Using the records below, find every line that includes "Used" and copy it.

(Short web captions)
+ + + +
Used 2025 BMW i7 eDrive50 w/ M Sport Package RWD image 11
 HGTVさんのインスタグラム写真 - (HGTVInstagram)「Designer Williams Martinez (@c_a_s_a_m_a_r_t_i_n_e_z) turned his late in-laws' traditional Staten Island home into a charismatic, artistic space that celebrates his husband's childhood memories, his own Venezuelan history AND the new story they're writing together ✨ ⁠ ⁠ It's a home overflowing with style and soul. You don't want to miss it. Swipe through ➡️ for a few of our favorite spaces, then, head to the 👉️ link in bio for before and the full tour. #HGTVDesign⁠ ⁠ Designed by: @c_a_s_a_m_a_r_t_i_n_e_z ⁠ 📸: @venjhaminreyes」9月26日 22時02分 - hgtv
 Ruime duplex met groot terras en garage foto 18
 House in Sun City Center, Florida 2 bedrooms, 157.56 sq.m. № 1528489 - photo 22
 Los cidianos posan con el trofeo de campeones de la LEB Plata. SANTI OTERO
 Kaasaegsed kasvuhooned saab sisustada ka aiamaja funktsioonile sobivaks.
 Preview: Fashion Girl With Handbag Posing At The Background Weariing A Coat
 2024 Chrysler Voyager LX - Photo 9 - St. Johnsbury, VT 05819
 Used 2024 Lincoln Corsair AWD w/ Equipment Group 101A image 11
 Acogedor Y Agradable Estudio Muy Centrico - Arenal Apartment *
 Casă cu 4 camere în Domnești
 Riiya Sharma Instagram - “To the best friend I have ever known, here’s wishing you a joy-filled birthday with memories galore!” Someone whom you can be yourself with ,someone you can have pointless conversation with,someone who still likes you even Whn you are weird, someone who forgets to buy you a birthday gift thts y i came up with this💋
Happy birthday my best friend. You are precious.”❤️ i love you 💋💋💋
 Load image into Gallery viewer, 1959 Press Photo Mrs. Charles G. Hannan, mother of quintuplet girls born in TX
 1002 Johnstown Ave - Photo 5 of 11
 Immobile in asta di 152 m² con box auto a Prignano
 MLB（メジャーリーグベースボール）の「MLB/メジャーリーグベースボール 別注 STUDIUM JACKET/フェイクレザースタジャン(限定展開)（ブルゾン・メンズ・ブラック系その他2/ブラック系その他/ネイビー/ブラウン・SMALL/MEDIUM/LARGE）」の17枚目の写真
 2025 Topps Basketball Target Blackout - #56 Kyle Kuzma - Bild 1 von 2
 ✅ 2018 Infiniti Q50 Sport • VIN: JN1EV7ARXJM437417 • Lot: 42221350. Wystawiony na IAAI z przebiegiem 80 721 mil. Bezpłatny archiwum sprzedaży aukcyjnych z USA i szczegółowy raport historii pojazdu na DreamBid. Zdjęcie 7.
+ + + +
OUTPUT BELOW:
Used 2025 BMW i7 eDrive50 w/ M Sport Package RWD image 11
 Used 2024 Lincoln Corsair AWD w/ Equipment Group 101A image 11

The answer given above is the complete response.